Fragment eseju Jeffrey'a Tuckera "Is school like jail?"
"Think of the phrase “twelve-year sentence.” They government took them in at the age of 6. It sat them down in desks, 30 or so per room. It paid teachers to lecture them and otherwise keep them busy while their parents worked to cough up 40% of their paychecks to the government to fund the system (among other things) that raises their kids.
So on it goes for 12 years, until the age of 18, when the government decides that it is time for them to move on to college, where they sit for another four years, also at mom and dad’s expense.
What have they learned? They have learned how to sit at a desk and zone out for hours and hours, five days per week. They might have learned how to repeat back things said by their warden — I mean teacher.
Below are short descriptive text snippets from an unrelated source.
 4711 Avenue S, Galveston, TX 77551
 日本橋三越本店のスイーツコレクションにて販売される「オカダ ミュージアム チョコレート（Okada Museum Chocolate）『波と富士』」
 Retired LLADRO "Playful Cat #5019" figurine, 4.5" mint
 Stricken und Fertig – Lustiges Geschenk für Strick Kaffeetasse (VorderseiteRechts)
They’ve learned how to sneak around the system a bit and have something resembling a life on the sly.
They have learned to live for the weekend and say “TGIF!” Perhaps they have taken a few other skills with them: sports, music, theater or whatever. But they have no idea how to turn their limited knowledge or abilities into something remunerative in a market system that depends most fundamentally on individual initiative, alertness, choice and exchange.
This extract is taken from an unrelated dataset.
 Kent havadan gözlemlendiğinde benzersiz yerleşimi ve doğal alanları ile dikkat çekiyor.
They are deeply ignorant about the stuff that makes the world work and builds civilization, by which I mostly mean commerce. They’ve never worked a day in the private sector. They’ve never taken an order, never faced the bracing truth of the balance sheet, never taken a risk, never even managed money. They’ve only been consumers, not producers, and their consumption has been funded by others, either by force (taxes) or by leveraged parents on a guilt trip."